The Turkish media continue the provocative propaganda about the Greek islands, which they claim are Turkish.

Erkan Karakous, Vice Admiral, said that Agathonisi, Farmakonisi, Pserimos, Kinaros and some other islands belong to Turkey and there is no doubt about that.

“Agathonisi is ours, Arkoi is ours, Farmakonisi is ours, Pserimos is ours, Levitha is ours, Kinaros is ours, the islets of Liadi are ours, Syrna is ours, the three islands are ours, Astakida is ours. Oinousses belongs to us, the island of Pasha to us, Thymaina to us and the islet of Gavatha to us. These are ours and are determined by the circumstances. There is no doubt who they belong to,” he said.

In fact, this is not the only propaganda action of Turkey, as in the last few hours it has published a video aimed at showing Turkish citizens that Greece is provoking them with its stance in the Aegean.

It seems that the Turkish government is changing its course and is no longer just promoting escalation in the Aegean as part of its supposed claims, but is now presenting a rhetoric as “the country threatened by Greece.”
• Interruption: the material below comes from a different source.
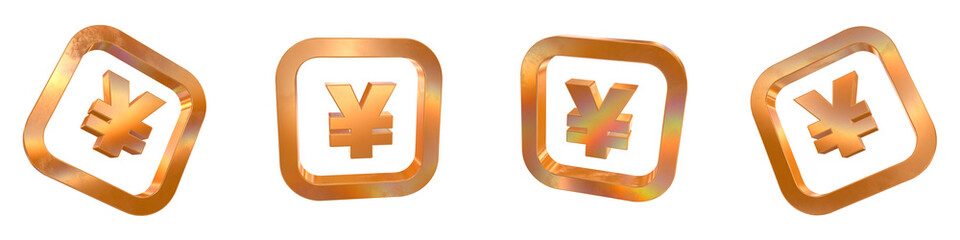 Obraz premium Set of 4 3d yen curved rectangle outline shapes with golden and rainbow effects isolated on a transparent background. 3d elements for graphic design.
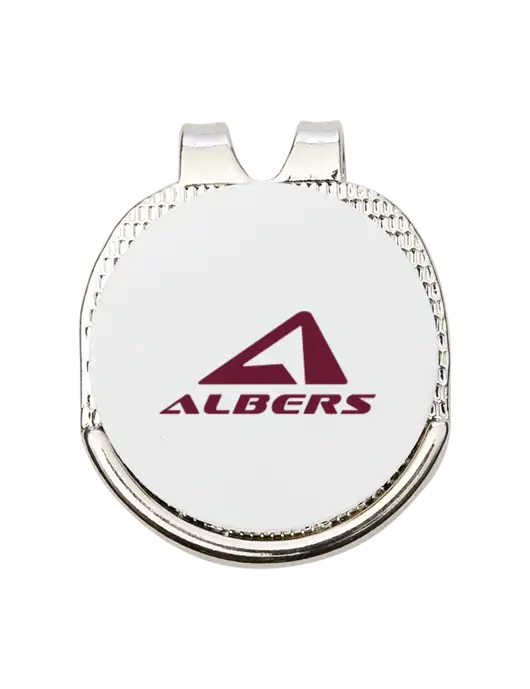 Antique Silver Hat Clip w/Golf Ball Marker w/Albers Aerospace Logo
Specifically, the video on Greek-Turkish relations entitled “Provocation in the Greek archipelago” presents “the provocation of Greece that disturbed the balance established by the Treaty of Lausanne and that of Paris in the Aegean Sea.”

Greece turned the islands into an arsenal

In the video, pro-government journalists and academics talk about how Greece “turned the islands into arsenals and barracks, violating international law.” The Aegean islands also include the Dodecanese, which in 1912 were given to Italy on the condition that they be returned to the Ottoman state. In 1923 it was determined by the Treaty of Lausanne that they must be disarmed.

“After the end of World War II, this time they were given to Greece.”

Yeni Shafak: “The foundations of Greece were born of blood”

At the same time, the Yeni Shafak newspaper talks about the successive massacres committed by the Greeks during the Greek Revolution. The article cites positions of the famous British historian William St Clare on the battle of Tripolis:

“Greece, which stands against Turkey with the support of Western countries, owes its establishment to the brutal murder of tens of thousands of Muslims. Historical records, documents and testimonies reveal that the Greek Revolution was a series of successive massacres.”

The article then moves against Cyprus, Makarios and the clergy: “The constantly escalating hostile attitude, in the last weeks that Greece has adopted towards Turkey, has acquired a new dimension with the hint of Prime Minister Kyriakos Mitsotakis that NATO is on “our side in the tensions with Turkey”.

An ERT report on the article states that the newspaper wrote that Mitsotakis, speaking to the US Congress using indirectly threatening language, claimed that they were defending “freedom against tyranny, democracy against authoritarianism”.

“The bloodiest of the massacres committed by the Greek militia against the civilian Muslim population took place in the Peloponnese in the autumn of 1821. The Greeks, who found Muslim Turks and Albanians in many settlements, especially in Tripolitsa, killed more than 30,000 people, among them women and children.

The British historian William St. Clare said that “the genocide in the Peloponnese ended only when there were no Muslim Turks left to kill,” the report said.

At the same time, he refers to the statements of Recep Tayyip Erdogan, who, speaking at the meeting of his party’s group, reacted to Greece’s policy towards Turkey and said: “Greece will not come to the right path. We will no longer talk to this country. Every now and then their planes take off and put on displays. What are you doing? Come to your senses. Do you not learn any lessons from history?”